• The data
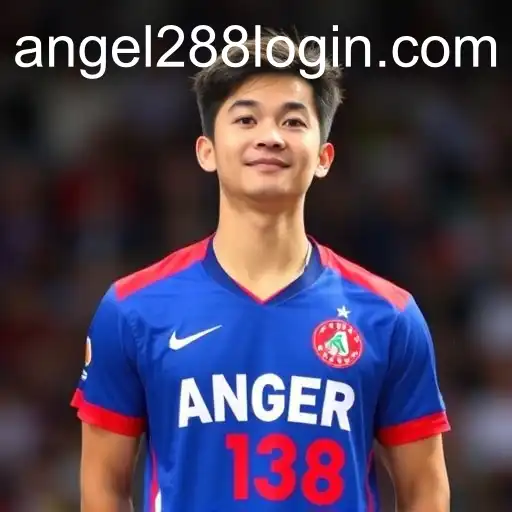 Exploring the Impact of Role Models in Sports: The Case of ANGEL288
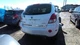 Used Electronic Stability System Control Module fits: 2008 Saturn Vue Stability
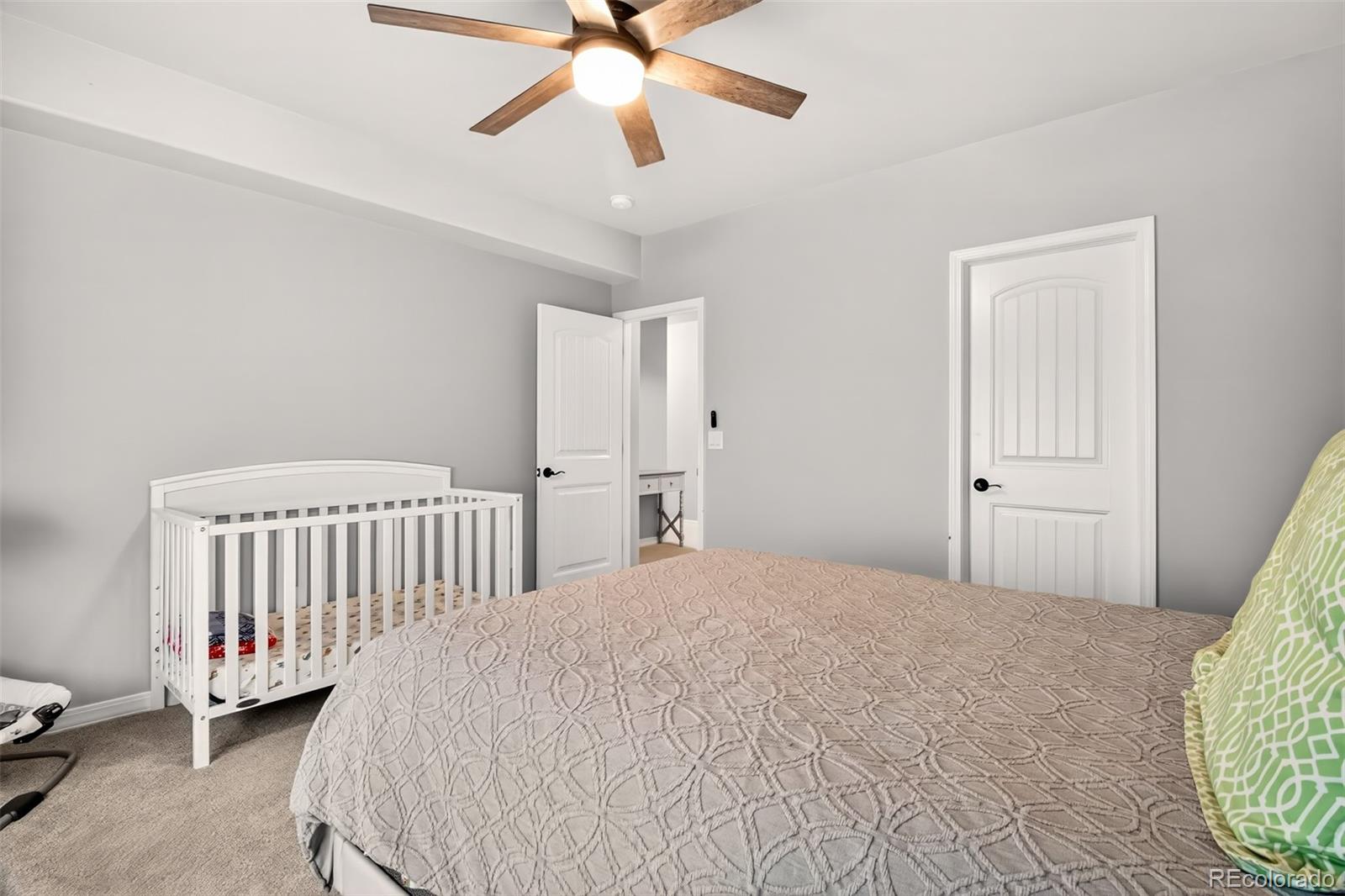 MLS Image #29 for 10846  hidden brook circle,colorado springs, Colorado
* * *
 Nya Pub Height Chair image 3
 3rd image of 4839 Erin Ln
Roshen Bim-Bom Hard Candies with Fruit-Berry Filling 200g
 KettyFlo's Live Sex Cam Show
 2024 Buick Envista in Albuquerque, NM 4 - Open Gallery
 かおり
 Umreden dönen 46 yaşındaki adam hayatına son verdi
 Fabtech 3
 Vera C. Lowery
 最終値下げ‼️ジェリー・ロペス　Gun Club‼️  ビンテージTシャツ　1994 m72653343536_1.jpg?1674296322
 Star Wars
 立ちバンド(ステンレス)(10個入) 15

• Work task
Of the entries above, transcribe exactly those lines that fall between the line containing "Umreden dönen 46" and the line containing "立ちバンド(ステンレス)(10個入) 15", together with those two lines.

• Solution to the problem
 Umreden dönen 46 yaşındaki adam hayatına son verdi
 Fabtech 3
 Vera C. Lowery
 最終値下げ‼️ジェリー・ロペス　Gun Club‼️  ビンテージTシャツ　1994 m72653343536_1.jpg?1674296322
 Star Wars
 立ちバンド(ステンレス)(10個入) 15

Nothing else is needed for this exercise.